USAC Greats Clauson and Steele Inducted into National Sprint Car HOF
Knoxville, Iowa………A pair of USAC’s greatest competitors has been inducted into the National Sprint Car Hall of Fame during a ceremony Saturday at the Marion County Fairgrounds in Knoxville, Iowa.
USAC champions Bryan Clauson and Dave Steele are among eight inductees of the class of 2018 that also includes Lance Dewease, Scott Gerkin, Emmett J. Malloy, Steve Beitler, Bob Mays and Oscar “Red” Garnant.
Clauson was one of the most decorated and accomplished drivers in the history of the United States Auto Club, becoming just the sixth driver to reach 100 USAC feature wins during a career as well as the youngest to reach the feat. His 112 career USAC wins rank sixth all-time behind only USAC Hall of Famers Rich Vogler, A.J. Foyt, Sleepy Tripp and Mel Kenyon and 2017 National Sprint Car Hall of Fame inductee Dave Darland.
Bryan ranks seventh on both the USAC National Sprint Car and USAC National Midget wins list with 41 and 38 wins, respectively, in each division. He also scored two career USAC Silver Crown victories.
In his final season during 2016, Bryan had already racked up 15 USAC wins by the first week of August and had made his third career start in the Indianapolis 500 earlier that May, leading three laps at the midway point of the 100th running of the famed race.
The Noblesville, Indiana driver won the USAC National Drivers Championship in 2010, 2011 and 2012; the 2012 and 2013 USAC National Sprint Car Championship; the 2010 and 2011 USAC National Midget Championship; the 2013 and 2014 “Indiana Sprint Week” title, the 2009, 2011 and 2016 “Indiana Midget Week” title; and the 2012, 2013 and 2016 “Eastern Storm” titles.
Clauson succumbed to injuries sustained in a crash while leading the “Belleville Midget Nationals” in August of 2016 at the age of 27.
Steele was one of the United States Auto Club’s most revered racers during the 1990s and 2000s. The Tampa, Florida native ranks 14th on USAC’s national win list with 60 victories between 1996 and 2007.

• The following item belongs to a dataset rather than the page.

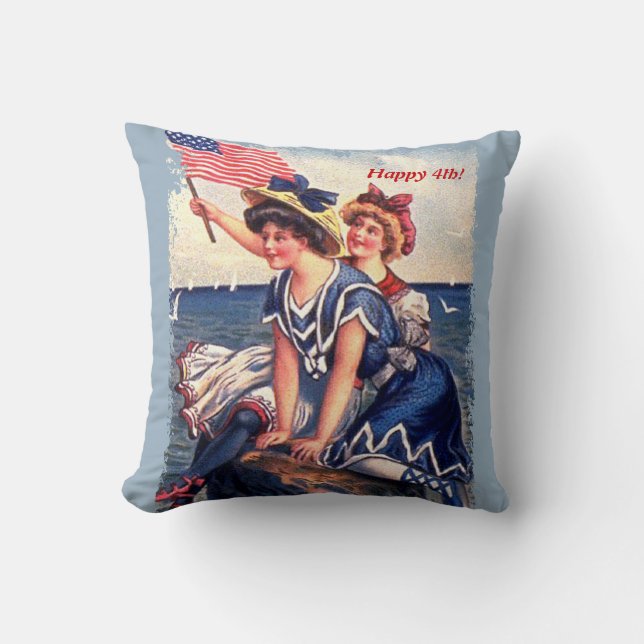 Patriotic Bathing Beauties Pillow Kudde (Framsida)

Steele was a dominant force on the pavement tracks, which accounted for all 60 of his USAC National wins. Despite only competing in half the races, or less, on the schedule throughout most of his career, Steele’s win totals rank in the top echelon of USAC’s record book. His 16 Silver Crown wins are the fourth most all-time while his 26 Sprint Car victories rank 16th and his 18 Midget wins put him 35th on the list.
Steele gained a reputation as the man to beat on the pavement, winning a staggering 12 USAC features at Indianapolis Raceway Park (1 Silver Crown, 6 Sprint, 4 Midget and 1 Midget special event) during his career. His first USAC National Midget win came during the “Night Before the 500” at the .686-mile oval in 1998.

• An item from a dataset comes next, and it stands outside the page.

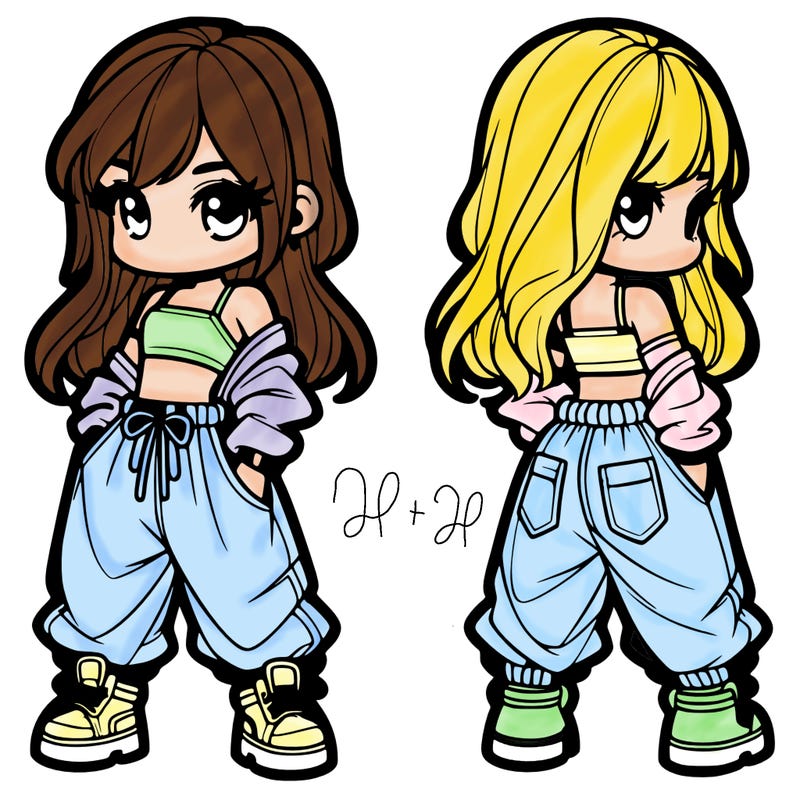 girl in crop top and baggy pants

In 2002, Steele put on one of the most memorable performances in USAC history when he won two National Midget features in one night at IRP. After winning the first feature, Steele started the second event from the 22nd position. Quickly cutting his way through the field, Steele took the lead by lap 12 and, by the end of the 25-lap feature, was $50,000 richer. He remains the most recent driver to win two USAC National Midget points races in a single day.
Steele stands behind only Jack Hewitt, Kody Swanson and Brian Tyler on the USAC Silver Crown career win list. Yet, no driver has led more laps or owns more pavement wins (16) in the series than does Steele.
The accolades for Steele within USAC are nearly endless. He was a two-time winner of the “Turkey Night Grand Prix” at Irwindale (Calif.) Speedway in 2001 and 2003. He was a force on the Indiana high banks, winning eight Sprint features at Winchester Speedway and three times at Salem Speedway. He captured three Silver Crown races at Richmond, Va. in a four-year span between 2002 and 2005. Steele won at least one race in all three of USAC’s national divisions in the same season on six occasions (1998, 2001-2005), the most in club history.
Steele was a three-time Tampa Bay Area Racing Association Sprint Car champ in 2005, 2009 and 2013. He also made his way into other racing avenues with the Indy Racing League, where he made three starts in 1998, as well as NASCAR’s Busch Grand National Series (now Xfinity Series) in which he made a pair of starts during the 2000 season.
Steele died in March of 2017 after a crash on the opening lap of a Southern Sprint Car Shootout Series-sanctioned event at Bradenton, Florida’s Desoto Speedway. He was 42 years old.